◆ **Goal of the exercise**: Write out the listing below character for character, though without its pictures.

◆ **Data for review**:
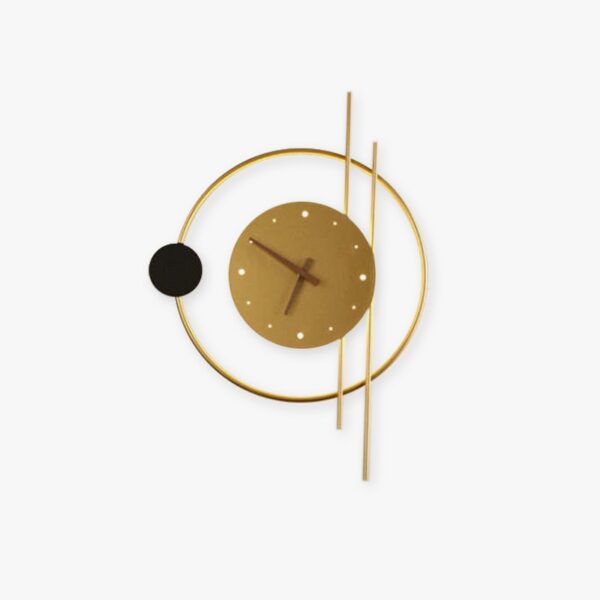 Aplique de Parede com Relógio Nielsen LED Interior em Metal e Acrílico - Preto e Dourado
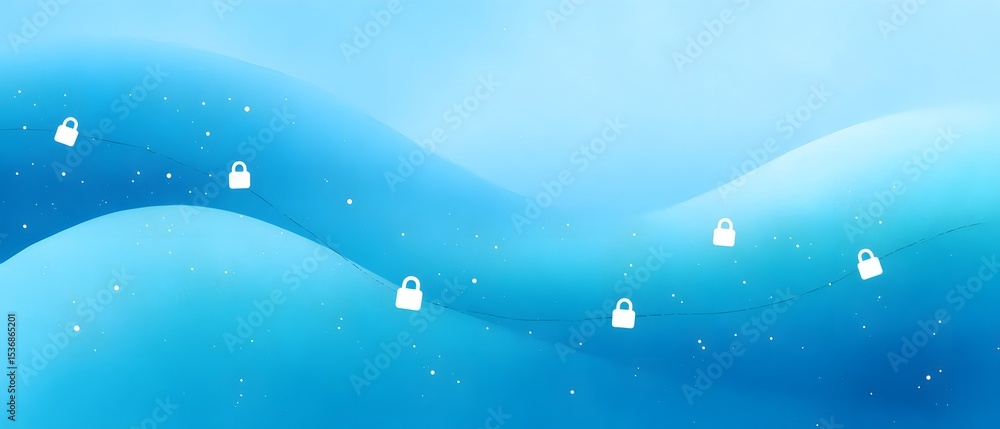 Aufkleber a digital abstract blue background with wave-like gradients and scattered small white locks symboliz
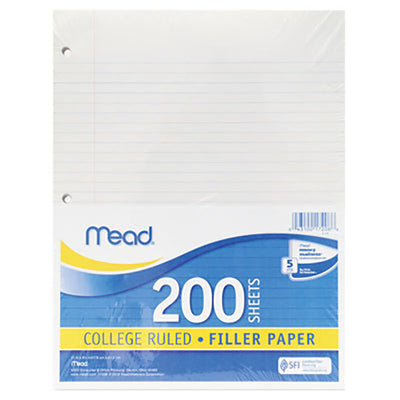 NOTEBOOK FILLER PAPER 3-HOLE 200 SHEETS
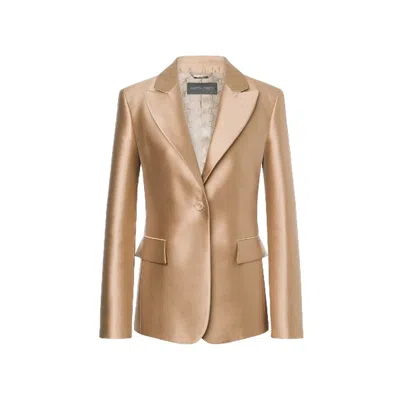 Alberta Ferretti Mikado Single Breast Blazer In Beige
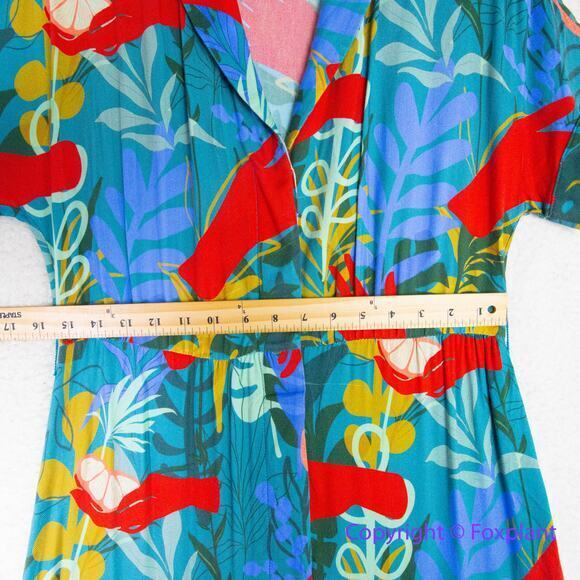Hutch Rigby Tropical Floral Tie Waist Button Front Maxi Shirt Dress, size S - Picture 8 of 16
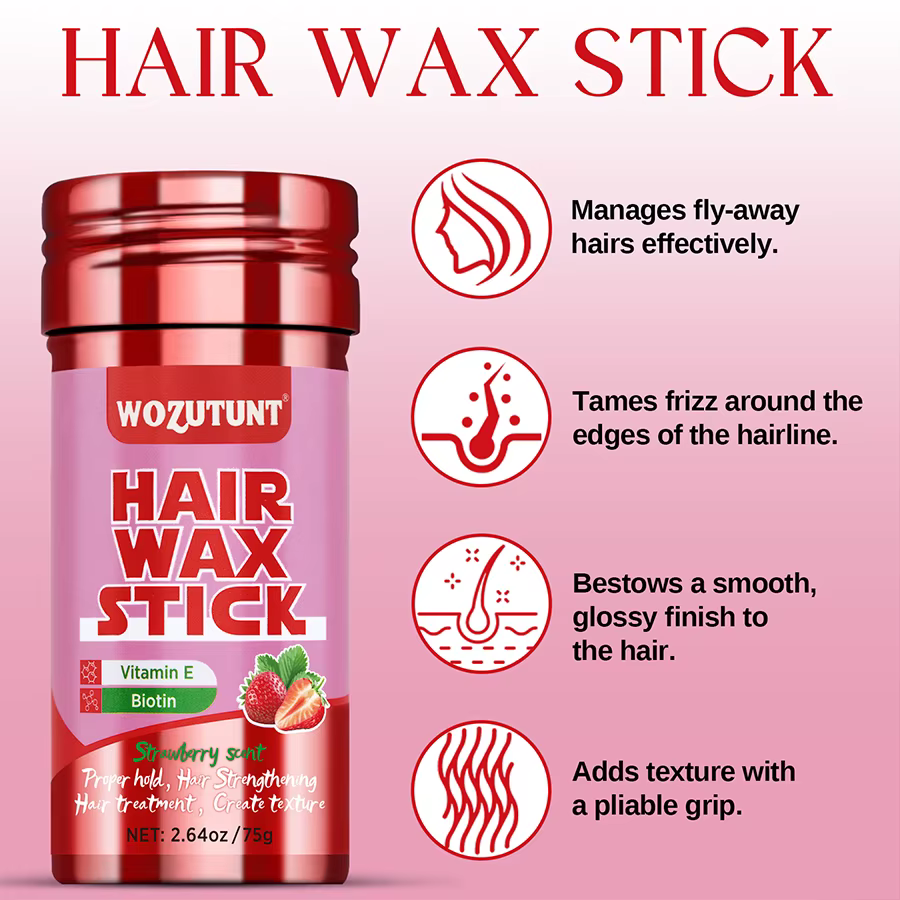 Bâton de cire coiffante, finition naturelle Non grasse, pommade pour tous les types de cheveux crépus et flyaway, créer une Texture, produit de cire solide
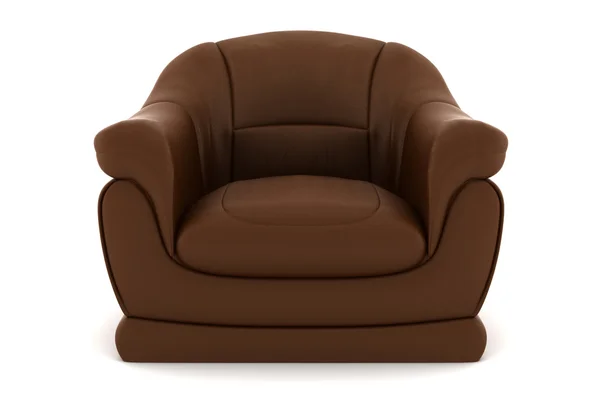 棕色真皮扶手椅上白色隔离 — 图库照片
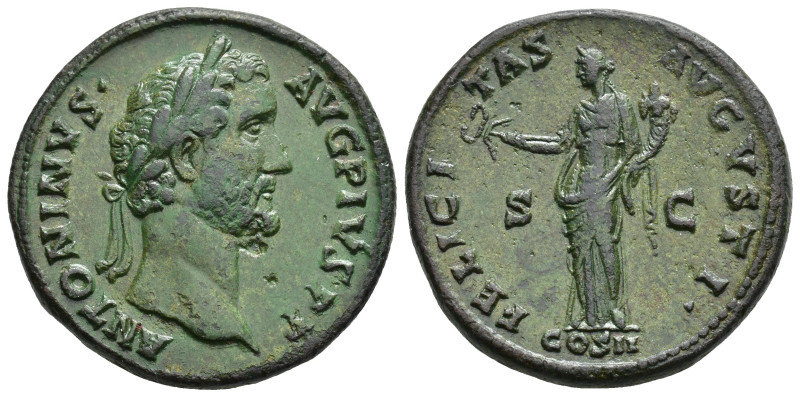 IMPERIO ROMANO. ANTONINO PÍO. Sestercio. Roma (139). A/ Cabeza laureada a der.; ...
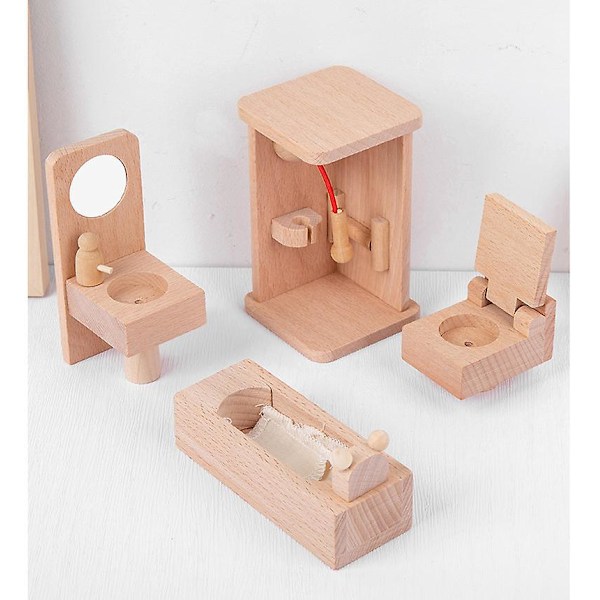 Miniatyyri Nukkekotihuonekalut 1:12 Mittakaavassa Puinen Sarja Tarvikkeilla Olohuoneeseen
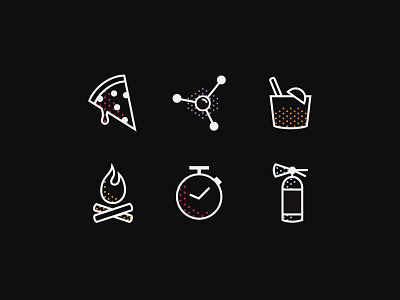 Food Science Icons atom fire food science icons illustration pizza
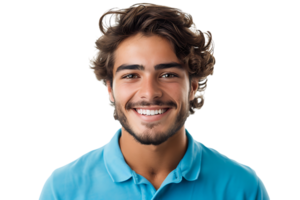 proche en haut portrait de Jeune souriant Beau homme dans bleu polo chemise sur isolé transparent Contexte png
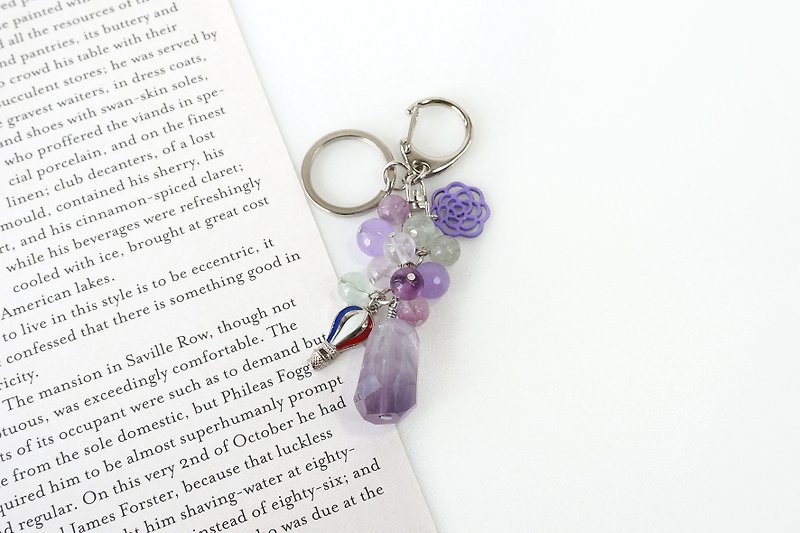 紫水晶 热气球 钥匙圈 - 钥匙链/钥匙包 - 宝石 紫色
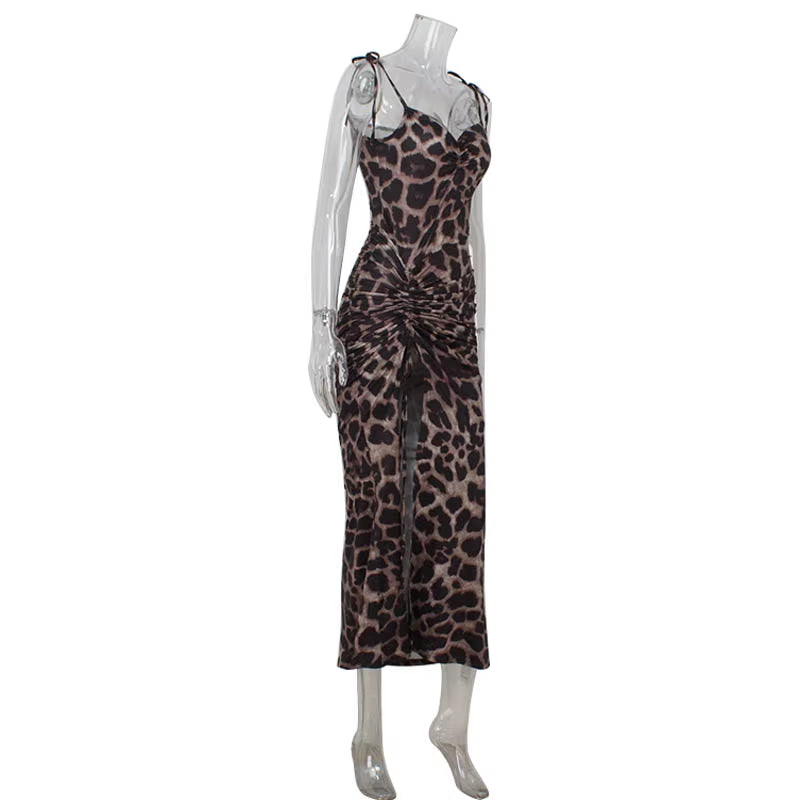 Sexy Leopard Women'S Maxi Dresses Lace-Up Camisole Fold Slim High Split Sleeveless Shirring Elegant Female Vestidos Robe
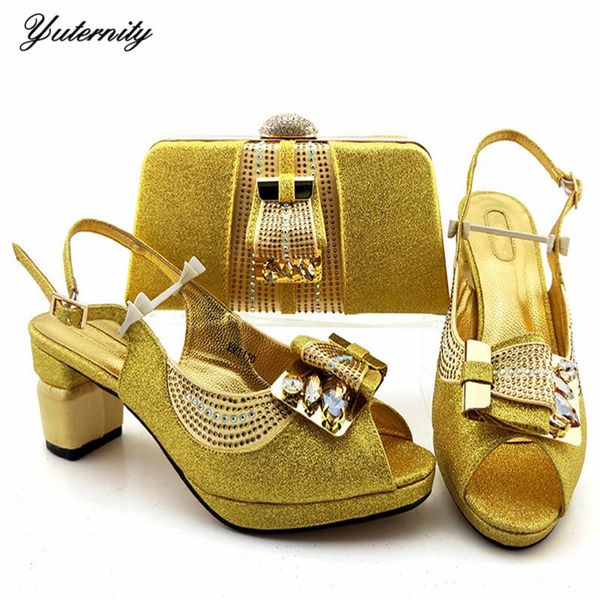 

dress shoes african summer pu leather woman and bag to match set style high heels bags for wedding usage, Black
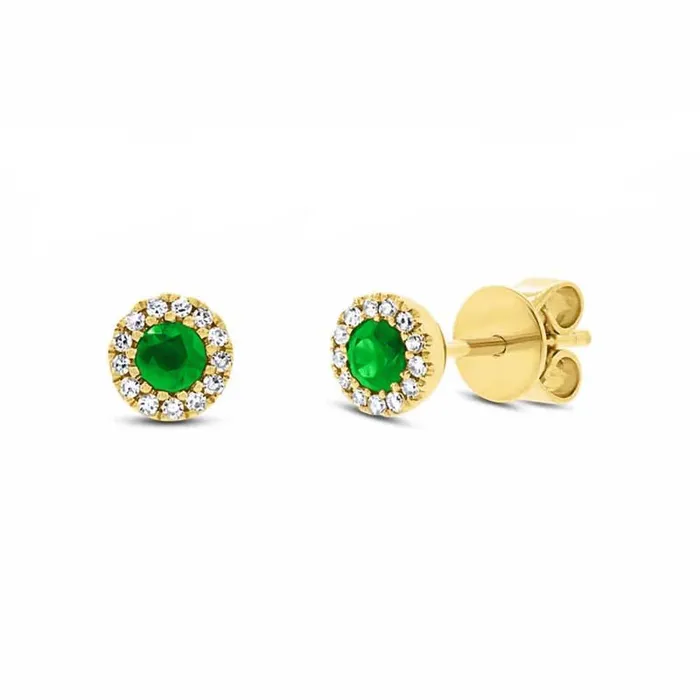 Petite Green Garnet and Diamond Stud Earrings SHY CREATION Earrings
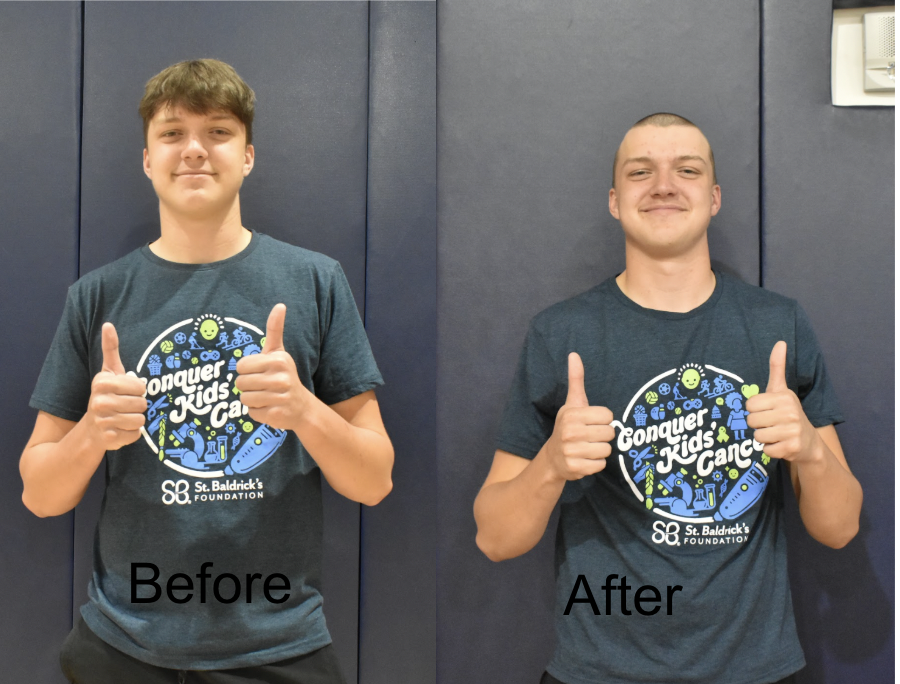 Jordan Rodden before and after he shaved his head for the St. Baldrick's Foundation.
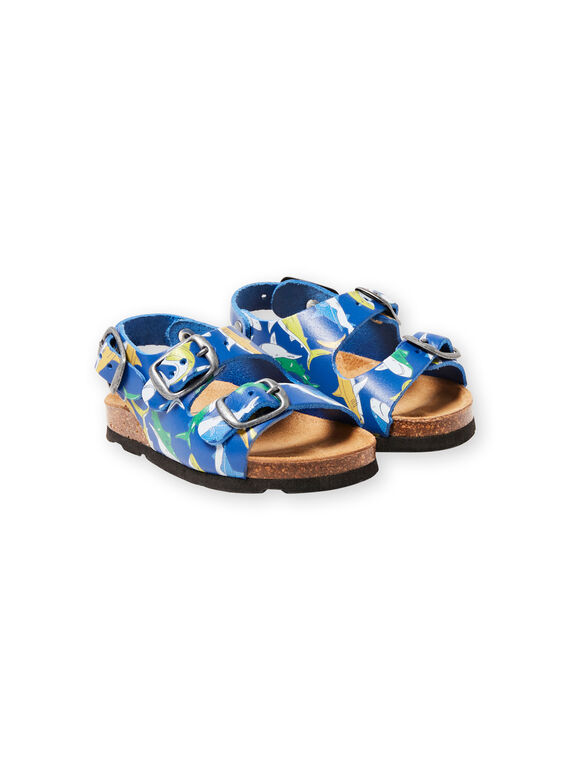 Sandales bleu marine à imprimé requins bébé garçon LBGNUREQUIN / 21KK385CD0E070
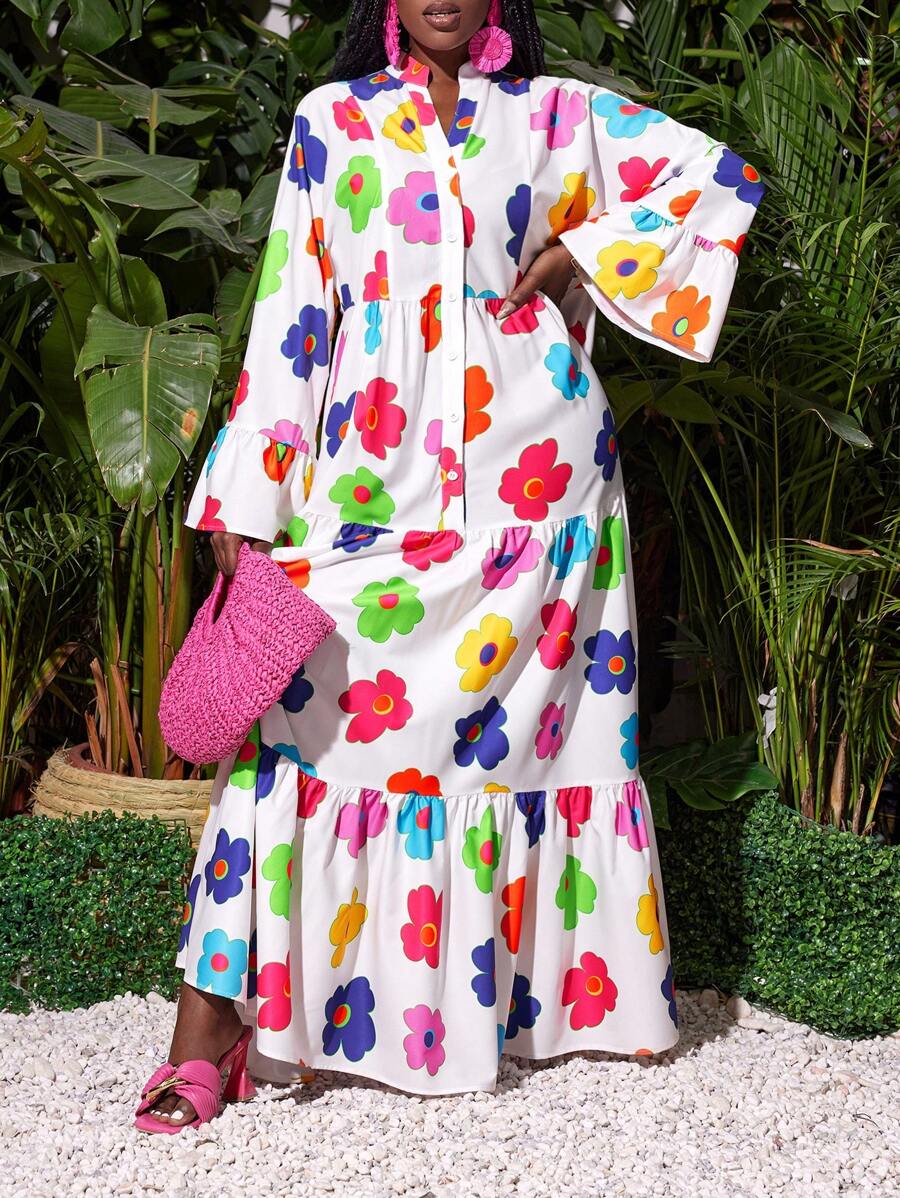Slaydiva Vacation Small Stand-Up Collar, Long Sleeves, Bell Cuffs, Large A Hem, Extra Long All-Over Colorful Flower Print Women's Dress - Multicolor - View 1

◆ **Answer for the task**:
 Aplique de Parede com Relógio Nielsen LED Interior em Metal e Acrílico - Preto e Dourado
 Aufkleber a digital abstract blue background with wave-like gradients and scattered small white locks symboliz
 NOTEBOOK FILLER PAPER 3-HOLE 200 SHEETS
 Alberta Ferretti Mikado Single Breast Blazer In Beige
Hutch Rigby Tropical Floral Tie Waist Button Front Maxi Shirt Dress, size S - Picture 8 of 16
 Bâton de cire coiffante, finition naturelle Non grasse, pommade pour tous les types de cheveux crépus et flyaway, créer une Texture, produit de cire solide
 棕色真皮扶手椅上白色隔离 — 图库照片
 IMPERIO ROMANO. ANTONINO PÍO. Sestercio. Roma (139). A/ Cabeza laureada a der.; ...
 Miniatyyri Nukkekotihuonekalut 1:12 Mittakaavassa Puinen Sarja Tarvikkeilla Olohuoneeseen
 Food Science Icons atom fire food science icons illustration pizza
 proche en haut portrait de Jeune souriant Beau homme dans bleu polo chemise sur isolé transparent Contexte png
 紫水晶 热气球 钥匙圈 - 钥匙链/钥匙包 - 宝石 紫色
 Sexy Leopard Women'S Maxi Dresses Lace-Up Camisole Fold Slim High Split Sleeveless Shirring Elegant Female Vestidos Robe

dress shoes african summer pu leather woman and bag to match set style high heels bags for wedding usage, Black
 Petite Green Garnet and Diamond Stud Earrings SHY CREATION Earrings
 Jordan Rodden before and after he shaved his head for the St. Baldrick's Foundation.
 Sandales bleu marine à imprimé requins bébé garçon LBGNUREQUIN / 21KK385CD0E070
Slaydiva Vacation Small Stand-Up Collar, Long Sleeves, Bell Cuffs, Large A Hem, Extra Long All-Over Colorful Flower Print Women's Dress - Multicolor - View 1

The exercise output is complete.